Berlanjut Jumat (23/11), pukul 02.00, polisi mendobrak kamar 19J Tower 3 Apartemen Taman Anggrek, milik Steven Law alias Albert. Polisi menemukan uang tunai Rp 2,4 miliar, 60 ribu dolar AS, dan 168 ribu dolar Hong Kong yang disimpan di dalam brankas.
Selain itu ditemukan, 4 botol iodium cristal, satu kaleng fosfor, dan kristal yang diduga sabu seberat 5 gram.
Menurut Samsu Rijal, pengungkapan kasus itu merupakan yang terbesar dalam kasus ekstasi. ”Selama penangkapan di kepolisian, barang bukti yang disita kali ini yang terbesar,” ujarnya.
Sedangkan Indradi Tanos mengatakan, diduga peredaran ekstasi tersebut melalui diskotik-diskotik di seluruh Indonesia, dengan harga Rp 100 ribu per butir. Sedangkan sekitar setengah juta tablet ekstasi yang disita aparat setara dengan lebih dari Rp 49 miliar.
*****
Kasus yang sangat menggemparkan ini, apakah mungkin hanya dikendalikan dan dianggap layak untuk dipertanggung-jawabkan hanya oleh 5 orang penyidik ?
Kalau hanya 5 penyidik itu yang dianggap layak dipecat, maka patut dapat diduga keputusan KAPOLRI ini adalah keputusan yang paling memalukan dalam upaya penegakan hukum di Indonesia.
Tidak bisa tidak dan jangan katakan tidak, beking utama dari kasus bandar narkoba MONAS ini harus diseret ke Pengadilan.

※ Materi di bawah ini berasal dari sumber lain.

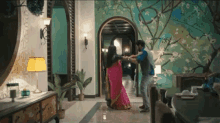 a woman in a pink saree is dancing with a man in a blue shirt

Jangan lindungi siapapun yang terlibat dalam kasus ini.
Dan yang sangat mendesak, jangan berikan jabatan apapun sebab proses pemeriksaan dan penindakan tidak boleh berhenti hanya sampai pada pemecatan 5 orang penyidik itu.
Tangkap beking utamanya. Penjarakan. Dan bawa sang beking yang pasti sudah kaya raya tak terhingga itu ke Pengadilan. Jangan lindungi, sekali lagi, jangan lindungi.
Tangkap beking utamanya. Tangkap, siapapun itu ! Dan jangan terapkan filosofi, “KURA-KURA DALAM PERAHU”.